• Exercise aim
After the line containing "Cambridge IGCSE English", copy nothing more; up to and including it, copy every line of the listing exactly from the first, leaving out the pictures.
--------------------
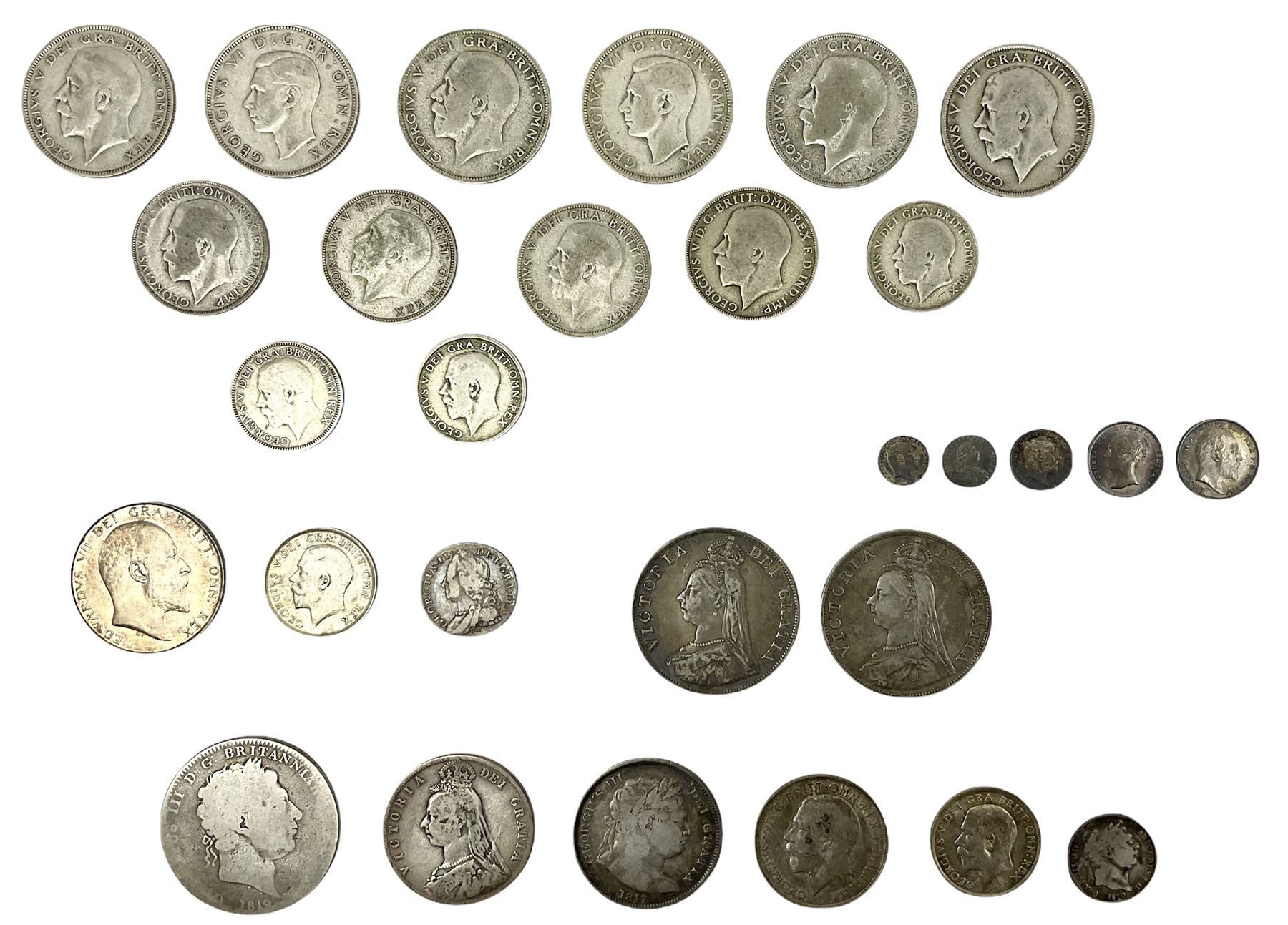 Approximately 140 grams of Great British pre 1920 silver coins including George II 1757 sixpence
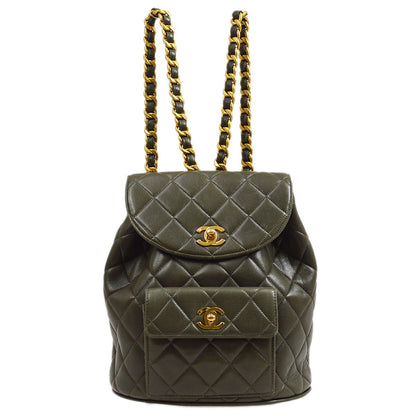 CHANEL 1990s DUMA Backpack Medium Khaki Lambskin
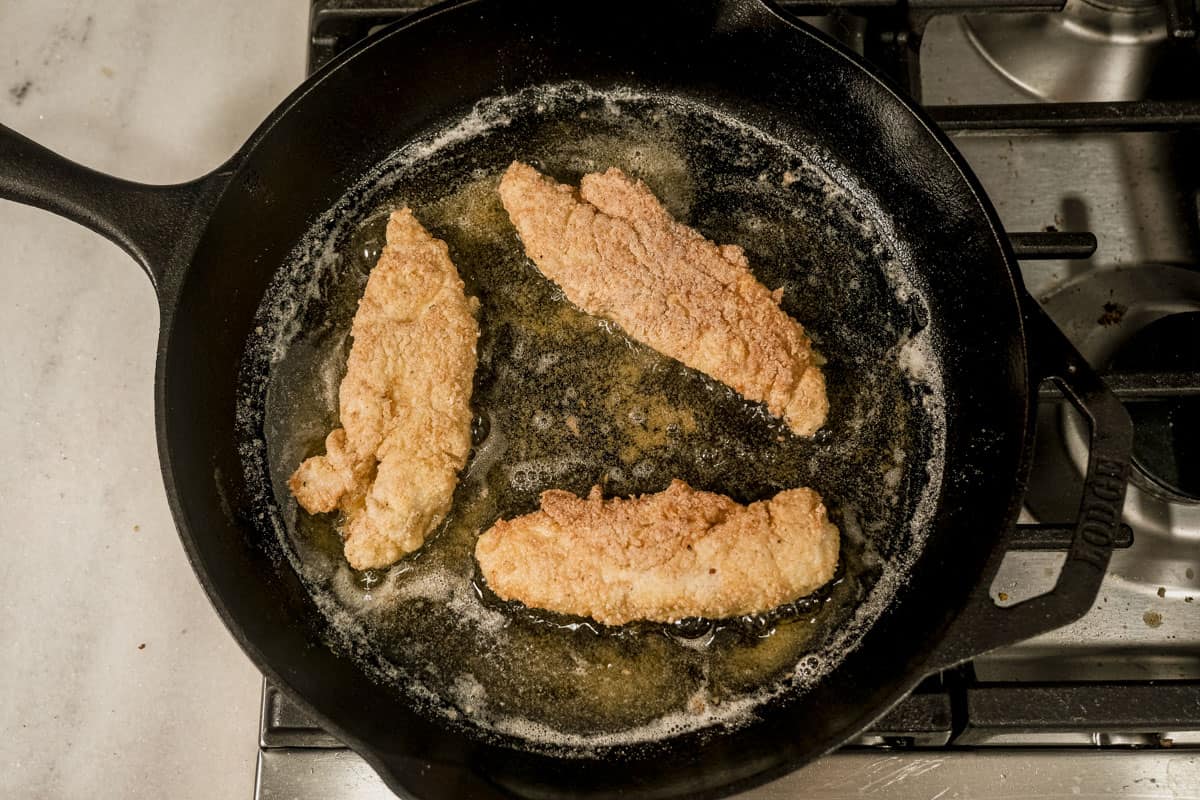 frying chicken in oil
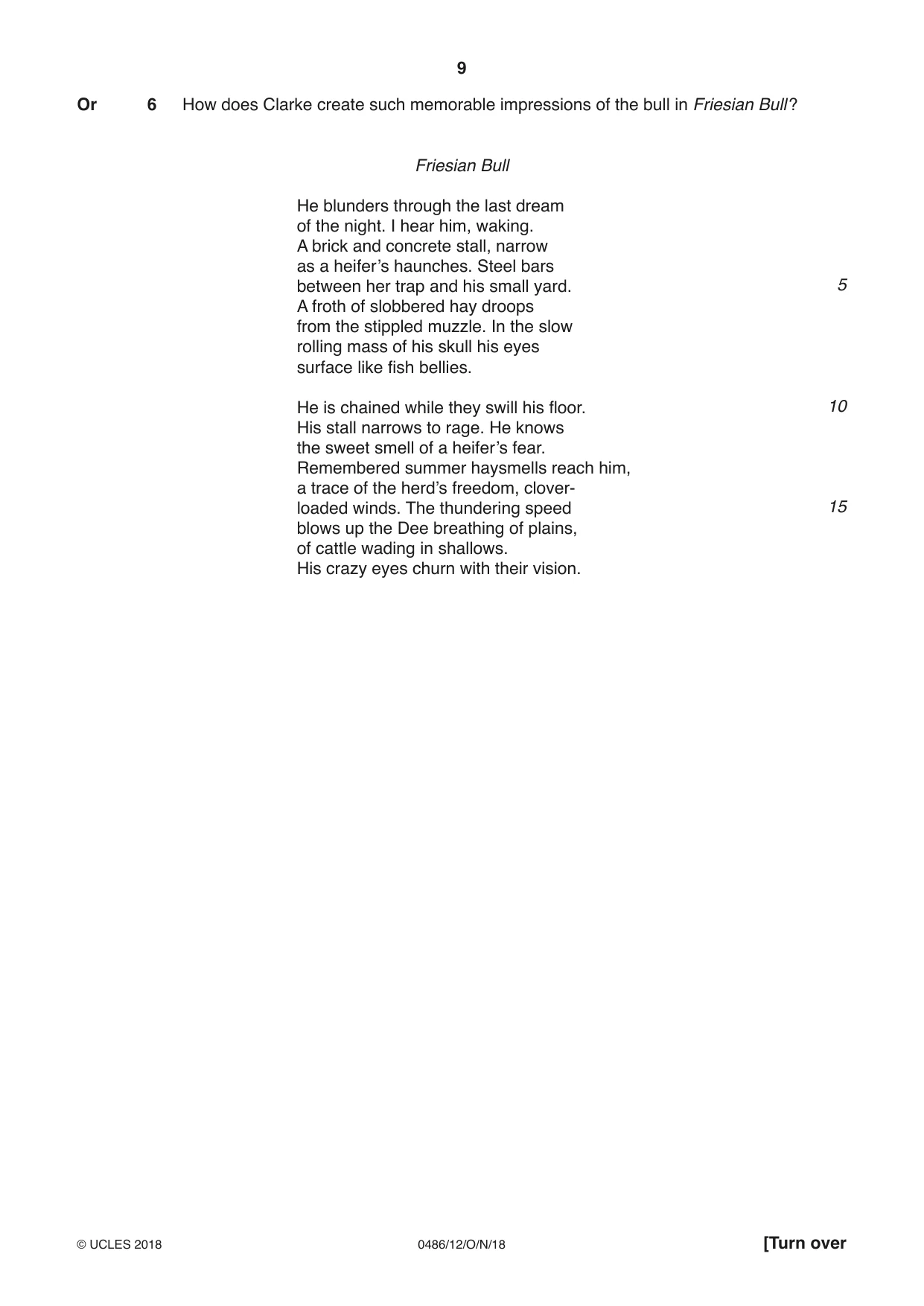 Cambridge IGCSE English - Literature 0486 2018 Oct/Nov Paper 1 · Variant 2 question paper, page 9 of 28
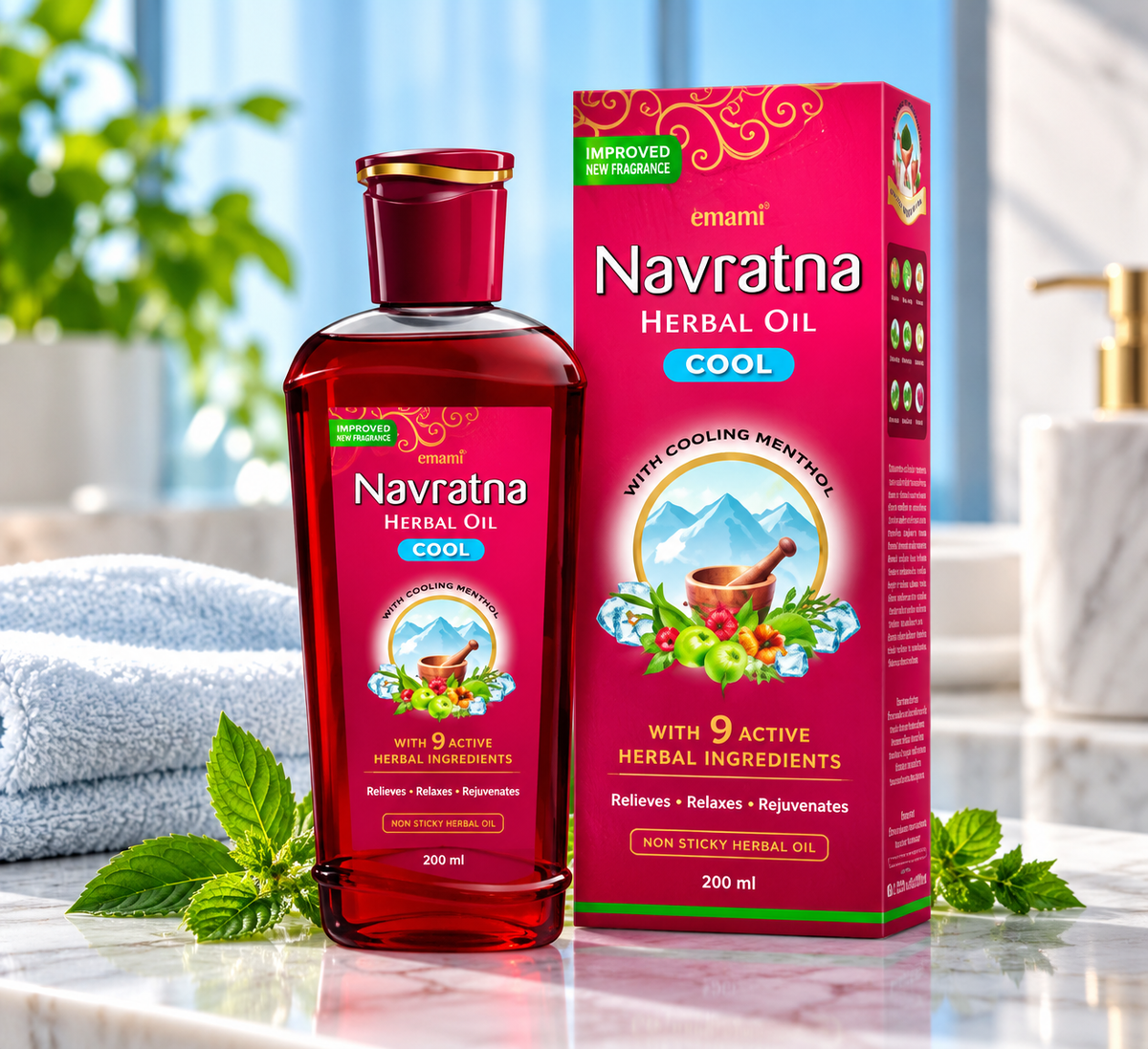Emami Navratna Herbal Oil Cool 200ml bottle and matching red-magenta packaging displayed on a marble countertop with fresh green leaves and a soft towel in a bright, spa-inspired setting. Featuring the Navratna Herbal Oil branding and blue Cool label, this lifestyle image highlights the cooling herbal hair oil for a refreshing scalp massage and everyday hair-care routine.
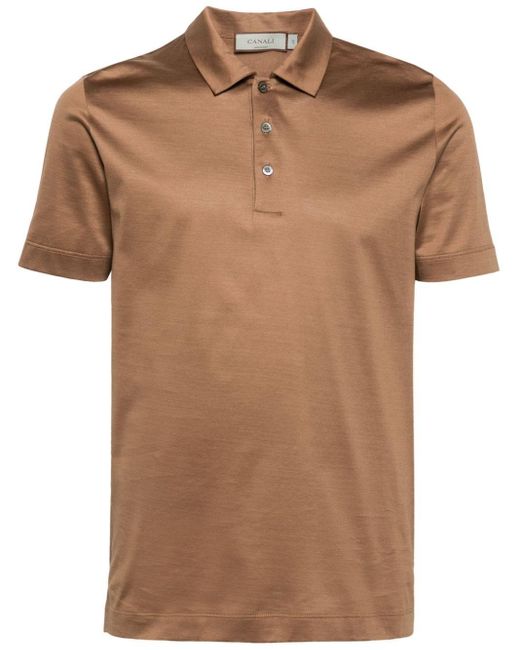 Canali Brown Cotton Jersey Polo Shirt for men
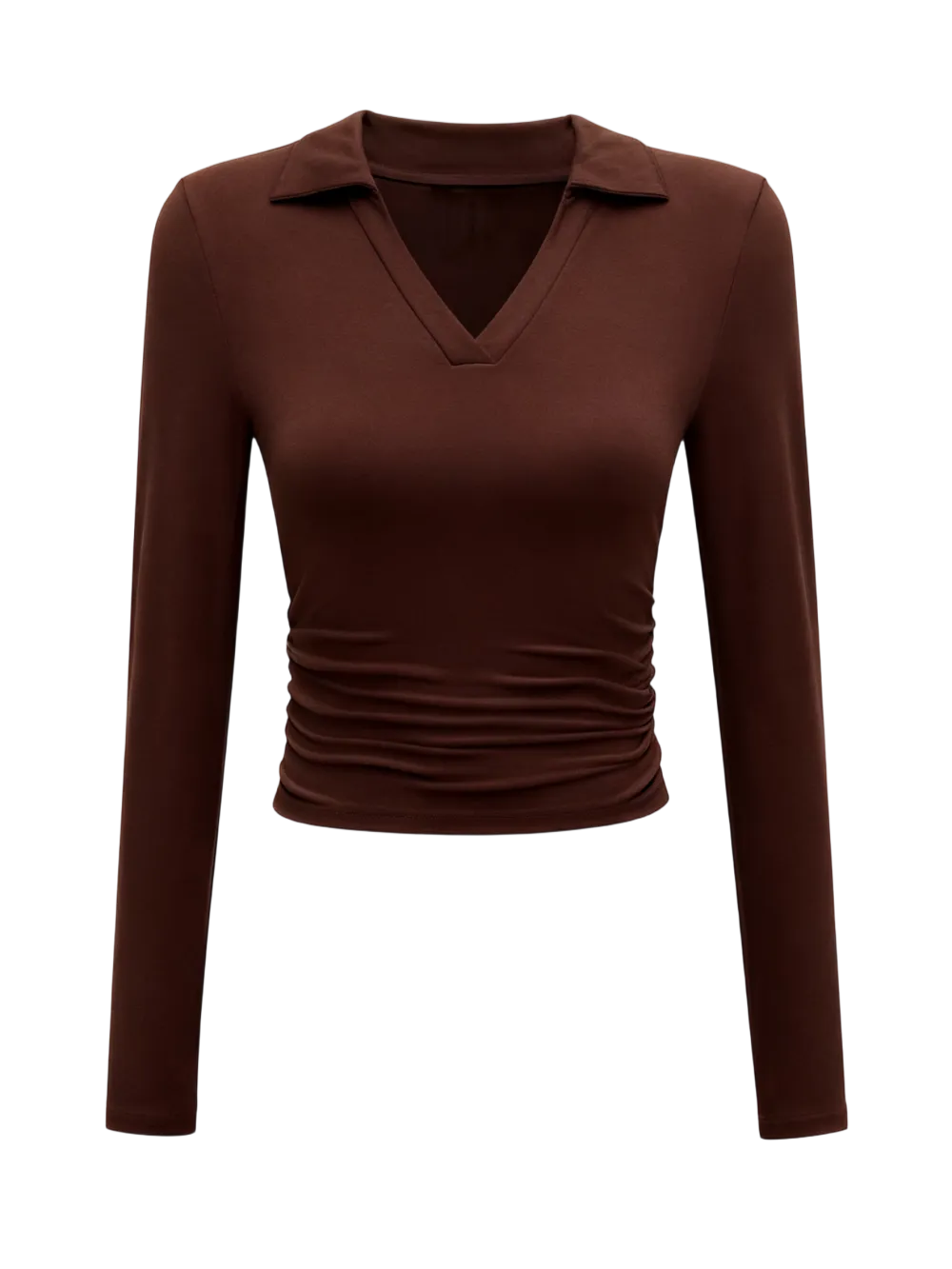 Knit Solid Color Long Sleeve V Neck Top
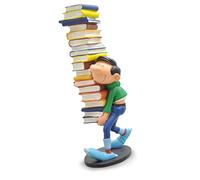 Plastoy Gaston Lagaffe Figura Gaston llevando una Pila de Libros - Resina - 25 cm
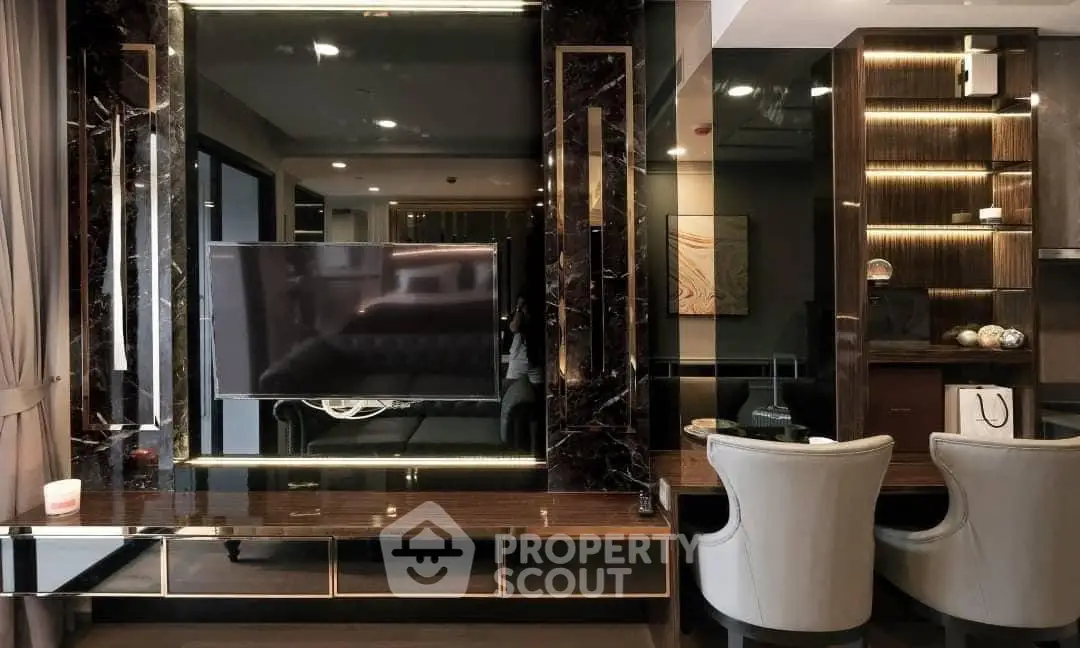 Luxurious modern living room with elegant decor and built-in TV unit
--------------------
• Result below
 Approximately 140 grams of Great British pre 1920 silver coins including George II 1757 sixpence
 CHANEL 1990s DUMA Backpack Medium Khaki Lambskin
 frying chicken in oil
 Cambridge IGCSE English - Literature 0486 2018 Oct/Nov Paper 1 · Variant 2 question paper, page 9 of 28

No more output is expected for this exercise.